Special case 2: If $x=0$ then $(a,b,x,y)=(-2,-1,0,-1)$.
Proof. If $x=0$ then $(1)$ simplifies to $$1-b^y=(ab)^{-y}.$$ Clearly $y=0$ then does not yield a solution. If $y<0$ then the right hand side is an integer, hence so is the left hand side, and therefore $|b|=1$. Because $ab\neq0$ we have $b=-1$ and we quickly find the solution $$(a,b,x,y)=(-2,-1,0,-1).$$ If $y>0$ then the left hand side is an integer, hence so is the right hand side, and therefore $|ab|=1$. Because $b\neq0$ it follows that $ab=-1$ and so $b^y=2$, a contradiction. So there is no solution with $x=0$ and $y>0$.
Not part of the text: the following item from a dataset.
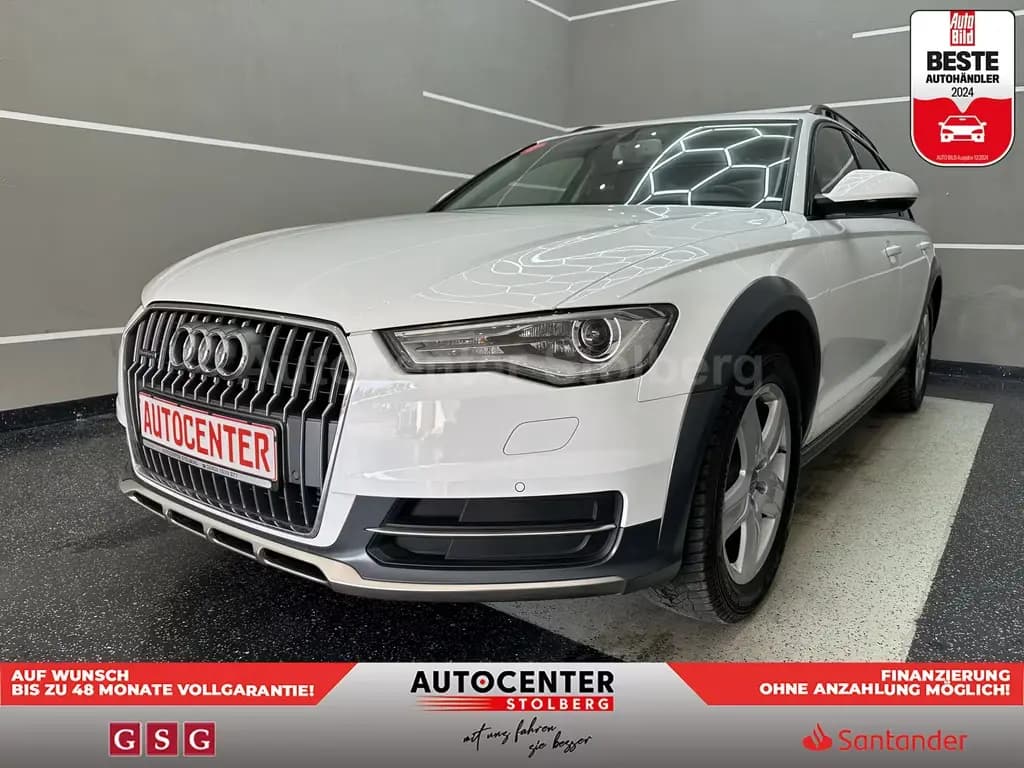 Main__Slider__Photo:Audi A6 Allroad 3.0 TDI " NAVI-CAM-SITZH-MULTI-PDC" 04/2018-0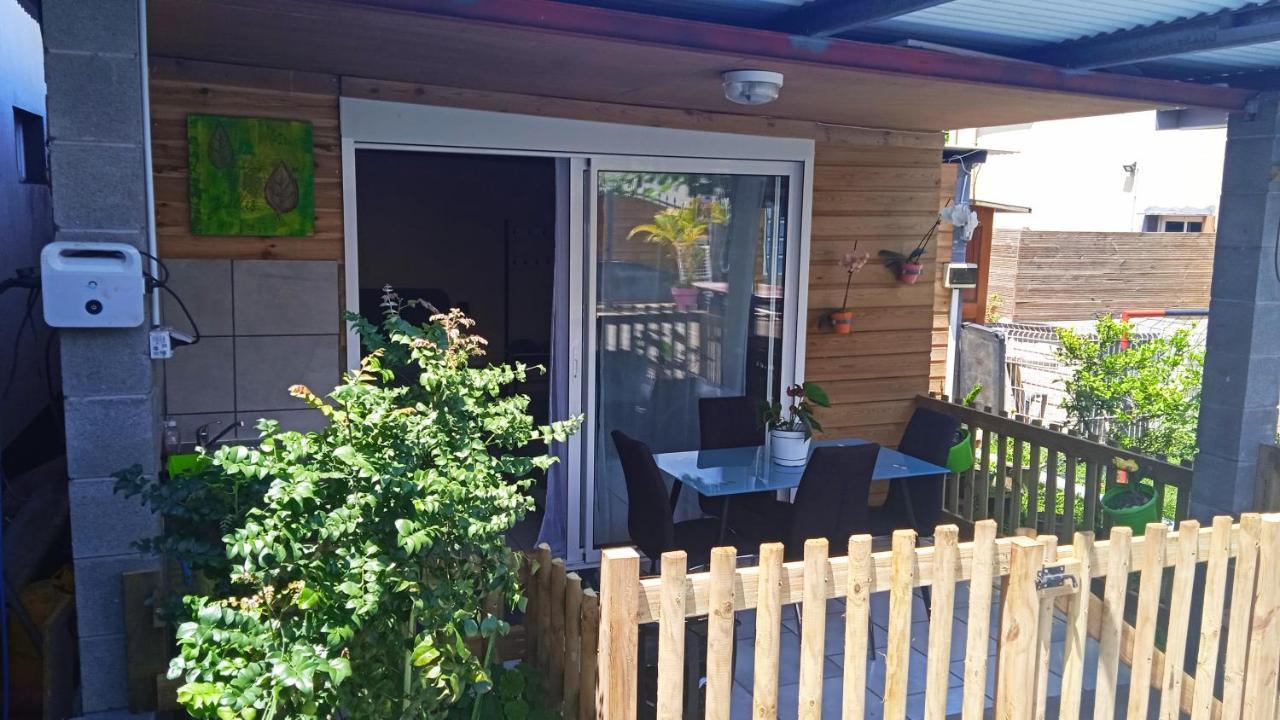 Chez Fred A Saint Andre Apartment Luaran gambar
Special case 3: If $y=0$ then $(a,b,x,y)$ is either $$(-1,2,1,0)\qquad\text{ or }\qquad(2,-1,-1,0).$$
Proof. If $y=0$ then $(1)$ simplifies to $$a^x-1=(ab)^x.$$ Then $x\leq1$ because otherwise we have two nonzero perfect powers that differ by $1$. If $x=1$ then $a-1=ab$ and so $|a|=1$, and because $ab\neq0$ we find that $a=-1$ and $b=2$, yielding the solution $$(a,b,x,y)=(-1,2,1,0).$$ Clearly $x=0$ does not yield a solution. If $x<0$ then clearing denominators yields $$b^{-x}-(ab)^{-x}=1,$$ and again we have two nonzero perfect powers that differ by $1$ if $x<-1$, which is impossible. Finally, for $x=-1$ we find that $|b|=1$ and because $ab\neq0$ we must have $b=-1$, and we quickly find the solution $$(a,b,x,y)=(2,-1,-1,0).$$
From now on we may assume that $x-y\neq0$ and $xy\neq0$. We distinguish six cases:
We recall from the top that $a$, $b$, $x$ and $y$ are integers such that $$a^x-b^y=(ab)^{x-y}.\tag{1}$$
Case 1: If $y>x>0$ then the left hand side of $(1)$ is an integer. Then the right hand side $(ab)^{x-y}$ is also an integer, where $x-y<0$, and so $|ab|=1$. In particular $a$ and $b$ are both odd, and so $a^x-b^y$ is even, a contradiction. So this yields no solutions.
Case 2: If $y>0>x$ then clearing denominators yields $$a^yb^{y-x}-a^{y-x}b^{2y-x}=1.$$ Note that all terms are integers, because $y-x>0$ and $2y-x>0$. We see that both $a$ and $b$ divide $1$ and so the left hand side is even, a contradiction.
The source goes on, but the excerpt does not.